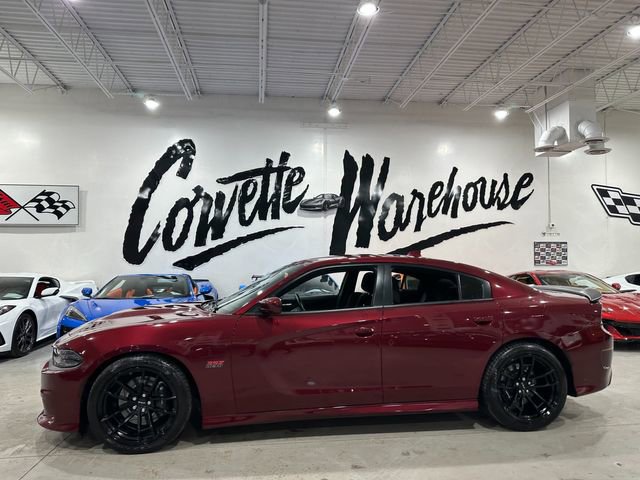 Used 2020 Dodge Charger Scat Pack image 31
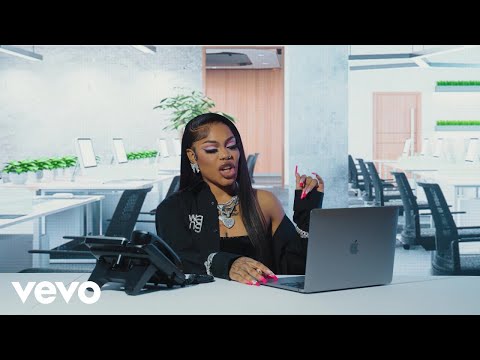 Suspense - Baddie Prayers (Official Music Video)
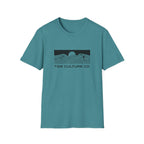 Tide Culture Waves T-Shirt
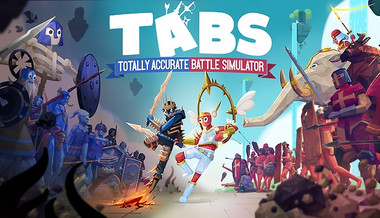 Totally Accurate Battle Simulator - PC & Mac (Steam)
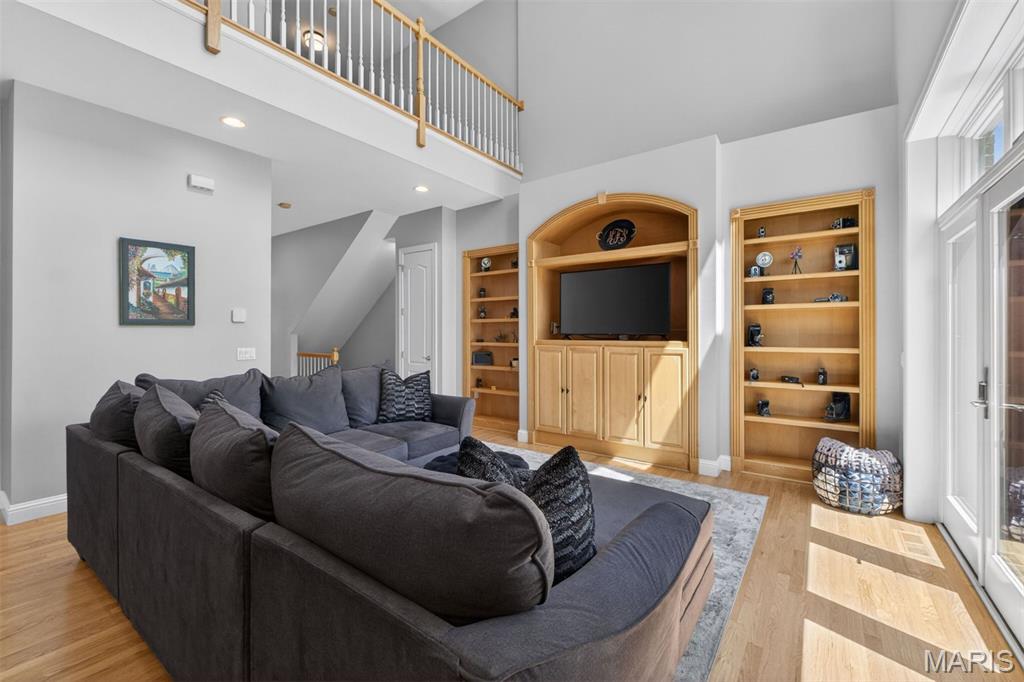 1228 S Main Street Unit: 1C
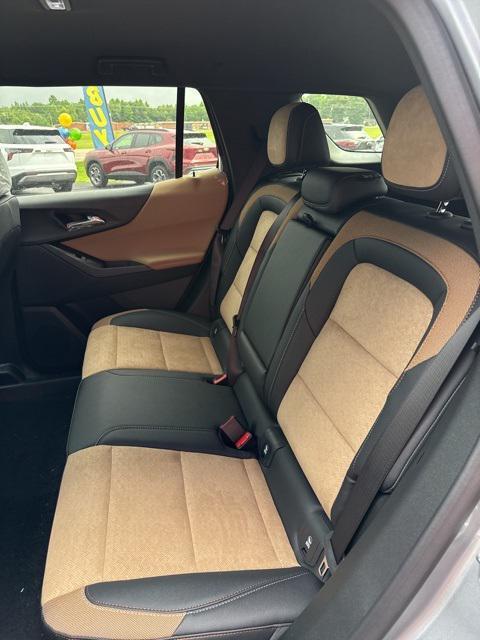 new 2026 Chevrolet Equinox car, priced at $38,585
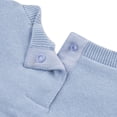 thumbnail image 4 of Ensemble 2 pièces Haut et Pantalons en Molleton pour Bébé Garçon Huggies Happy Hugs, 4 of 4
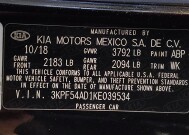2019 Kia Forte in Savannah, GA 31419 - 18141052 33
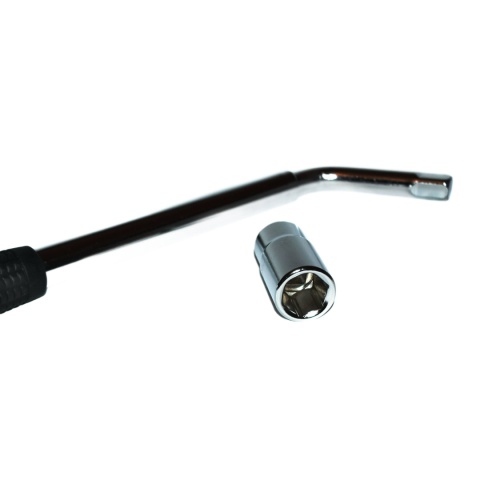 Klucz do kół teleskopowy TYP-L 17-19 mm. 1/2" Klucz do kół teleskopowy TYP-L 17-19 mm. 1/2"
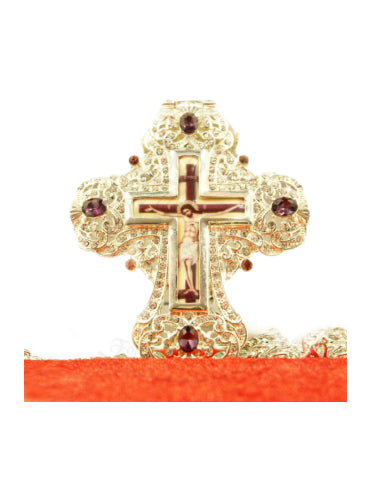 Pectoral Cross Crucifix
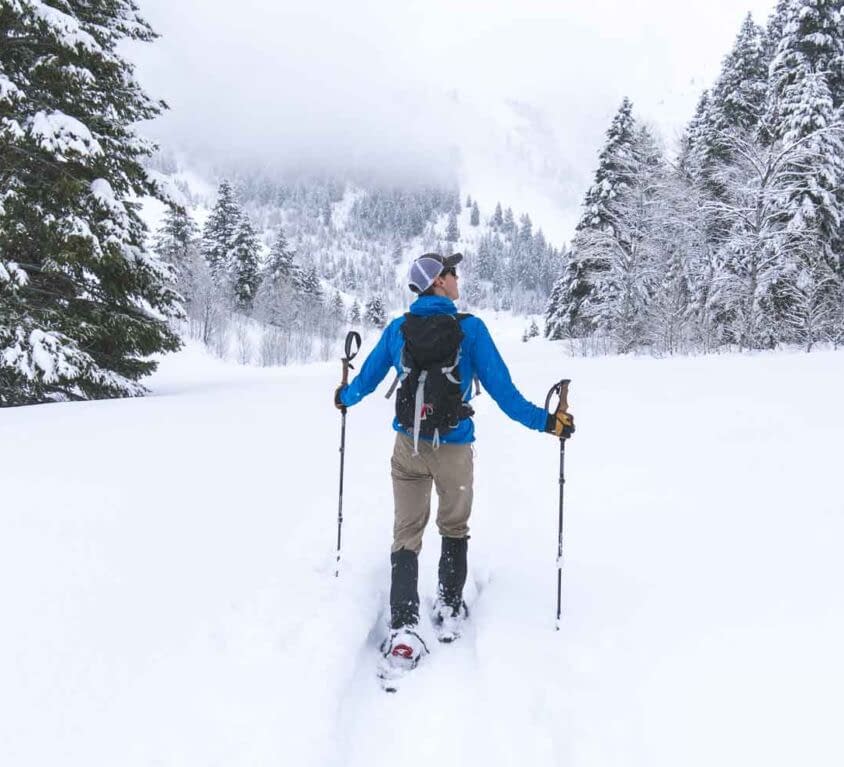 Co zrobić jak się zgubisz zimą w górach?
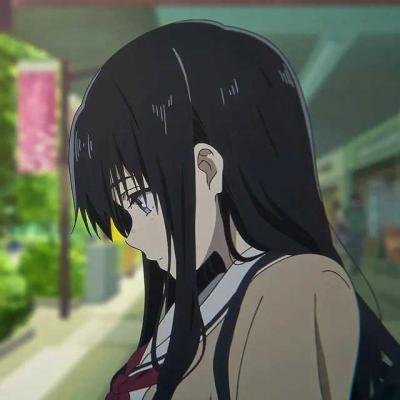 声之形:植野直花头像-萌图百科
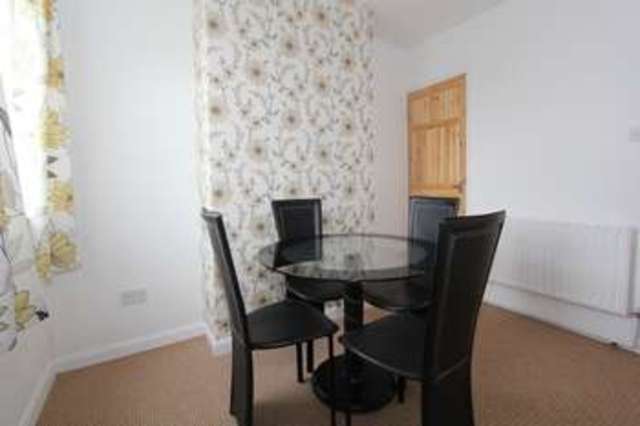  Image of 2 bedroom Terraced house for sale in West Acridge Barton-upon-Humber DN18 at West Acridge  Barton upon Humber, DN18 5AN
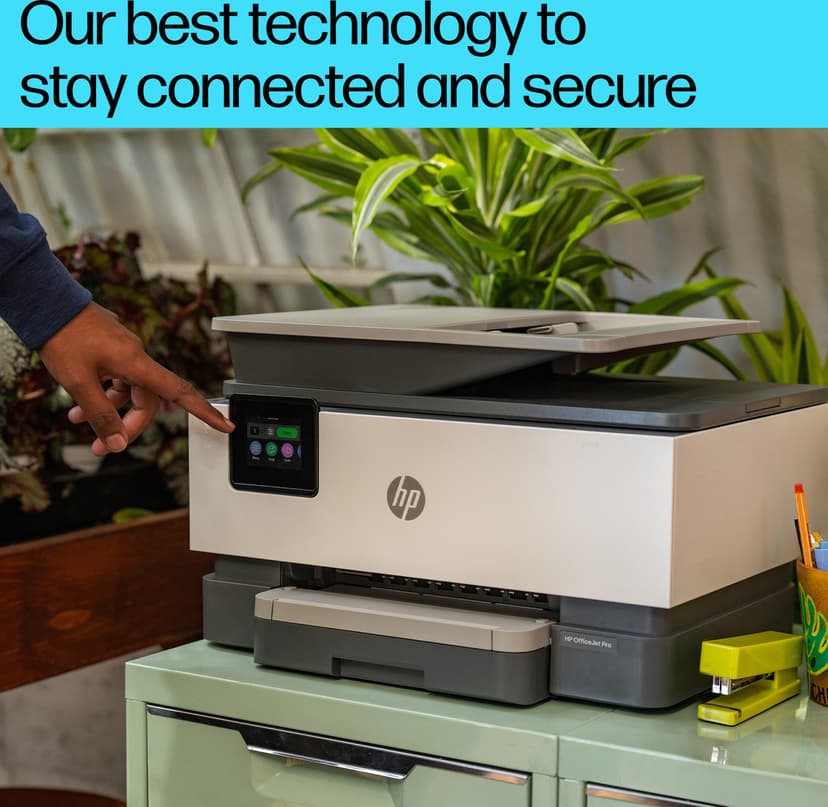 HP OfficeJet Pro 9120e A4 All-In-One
———
### [GOAL OF THE EXERCISE]
The answer should hold every entry exactly as given and no pictures at all.

### [EXERCISE ANSWER]
 Used 2020 Dodge Charger Scat Pack image 31
 Suspense - Baddie Prayers (Official Music Video)
 Tide Culture Waves T-Shirt
 Totally Accurate Battle Simulator - PC & Mac (Steam)
 1228 S Main Street Unit: 1C
 new 2026 Chevrolet Equinox car, priced at $38,585
 thumbnail image 4 of Ensemble 2 pièces Haut et Pantalons en Molleton pour Bébé Garçon Huggies Happy Hugs, 4 of 4
2019 Kia Forte in Savannah, GA 31419 - 18141052 33
 Klucz do kół teleskopowy TYP-L 17-19 mm. 1/2" Klucz do kół teleskopowy TYP-L 17-19 mm. 1/2"
 Pectoral Cross Crucifix
 Co zrobić jak się zgubisz zimą w górach?
 声之形:植野直花头像-萌图百科
  Image of 2 bedroom Terraced house for sale in West Acridge Barton-upon-Humber DN18 at West Acridge  Barton upon Humber, DN18 5AN
 HP OfficeJet Pro 9120e A4 All-In-One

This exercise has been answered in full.